Data for this task ->
|---|

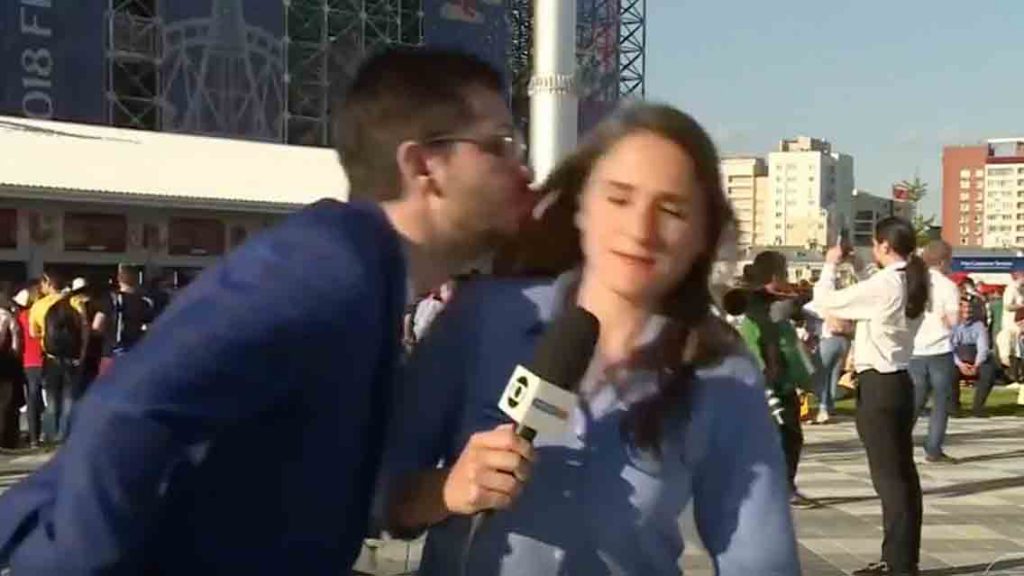 ¡Una vez más! Aficionado acosa a reportera brasileña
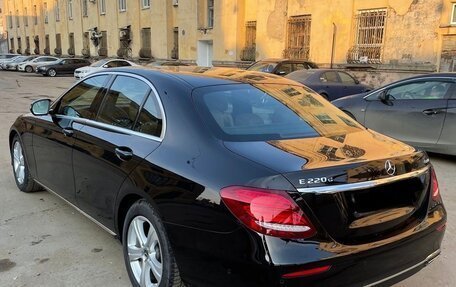 Mercedes-Benz E-Класс, 2017 год, 3 790 000 рублей, 5 фотография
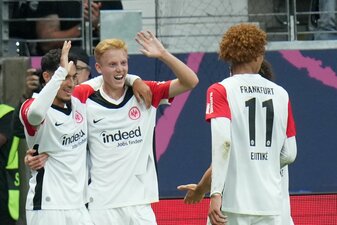 Hugo Larsson bejubelt seinen Führungstreffer für Eintracht Frankfurt. Hugo Larsson bejubelt seinen Führungstreffer für Eintracht Frankfurt.
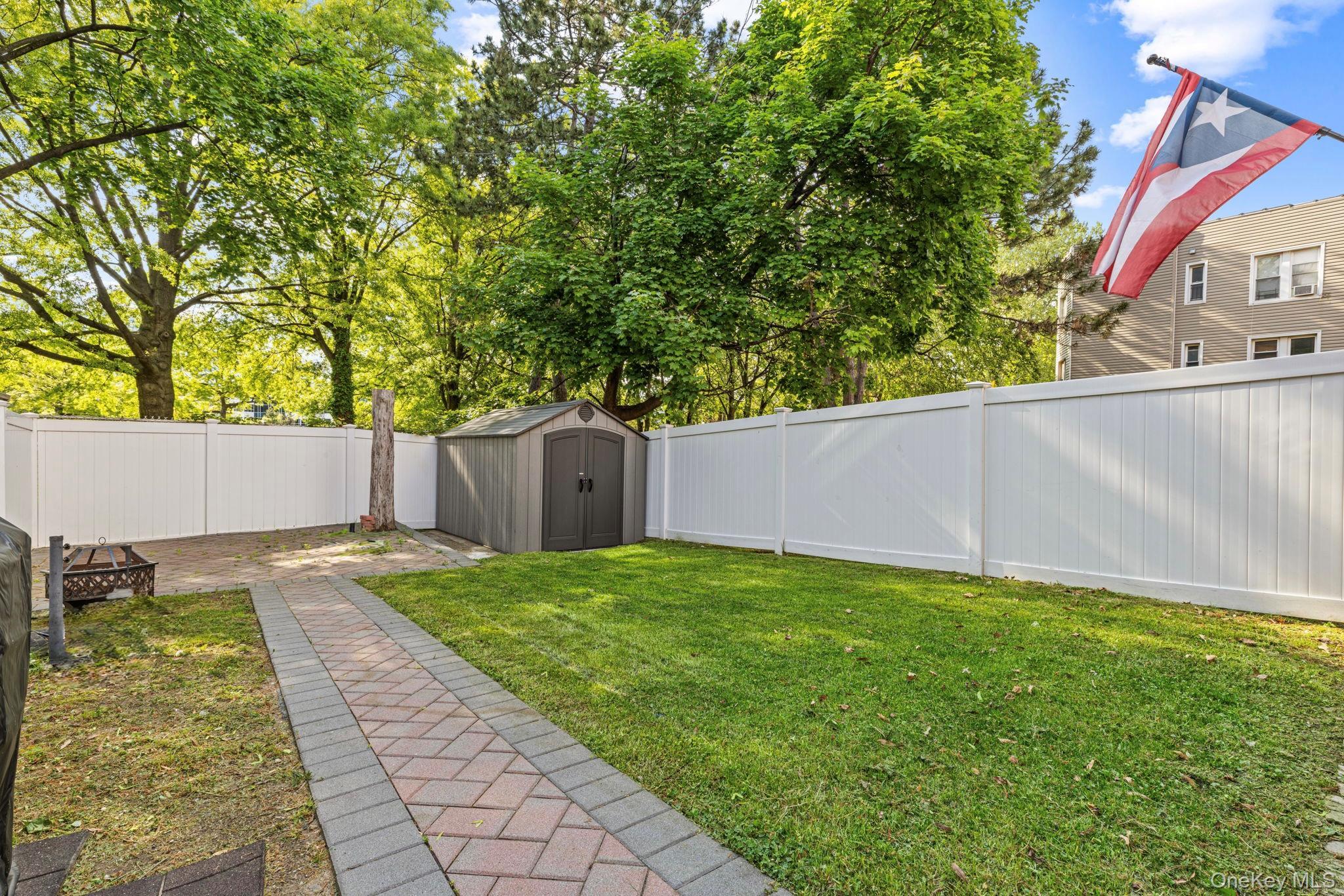 Single Family Mayflower Bronx, NY 10461, MLS-996197-15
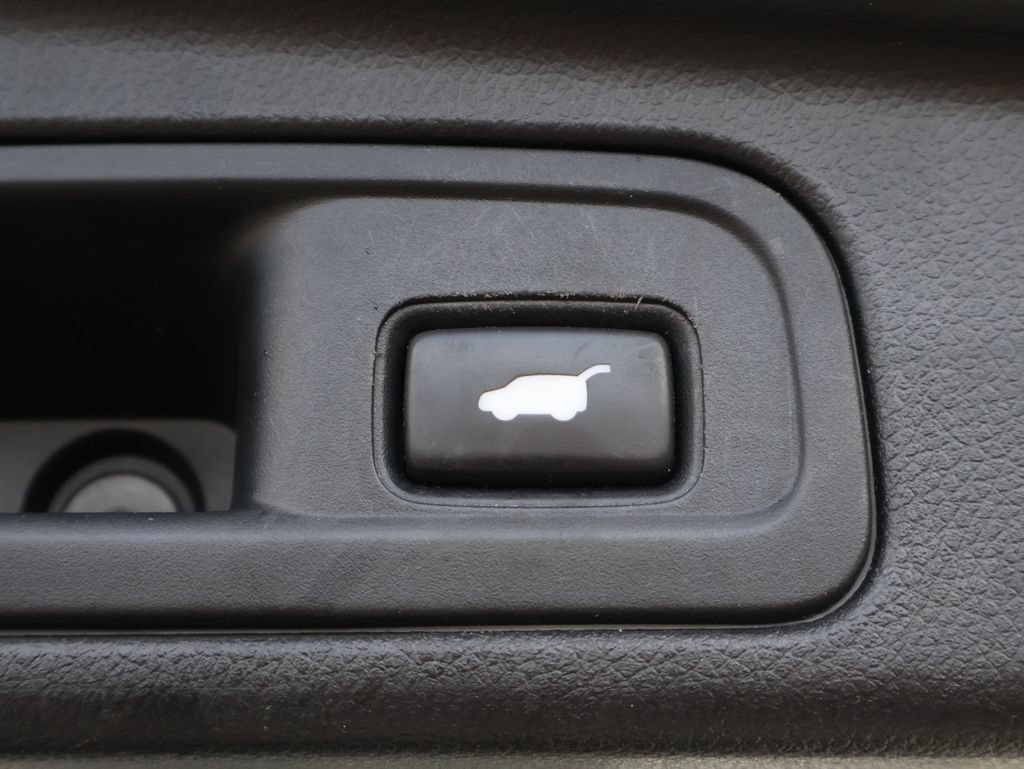Certified 2017 Honda Pilot Elite image 18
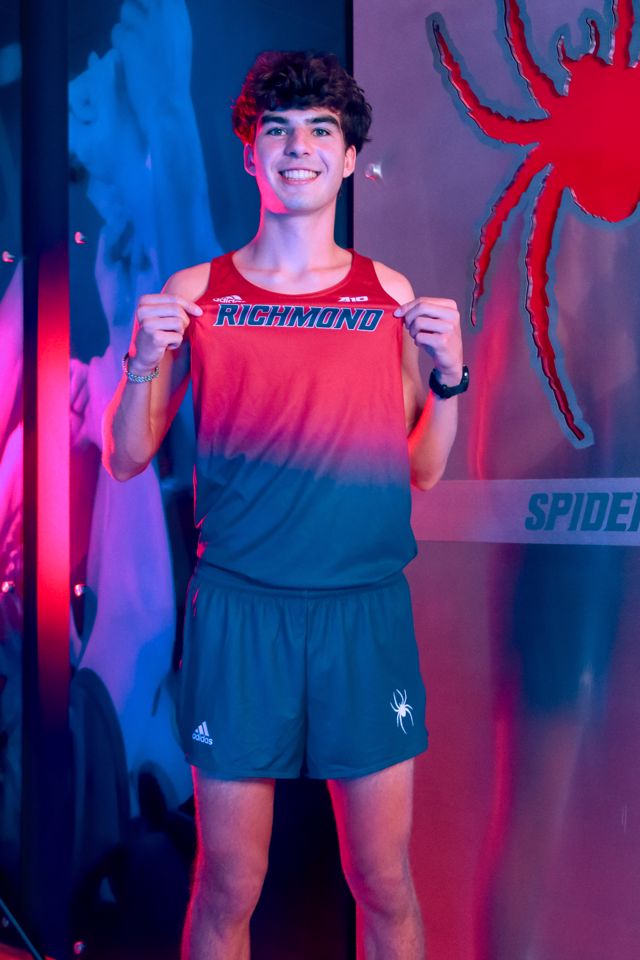 Athlete profile featured image number 2 of 4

|---|

Your task is to copy only the lines above starting at the one containing "Mercedes-Benz E-Класс, 2017" and ending at the one containing "Single Family Mayflower". Copy them exactly, both ends included, and omit the pictures.

Written solution ->
 Mercedes-Benz E-Класс, 2017 год, 3 790 000 рублей, 5 фотография
 Hugo Larsson bejubelt seinen Führungstreffer für Eintracht Frankfurt. Hugo Larsson bejubelt seinen Führungstreffer für Eintracht Frankfurt.
 Single Family Mayflower Bronx, NY 10461, MLS-996197-15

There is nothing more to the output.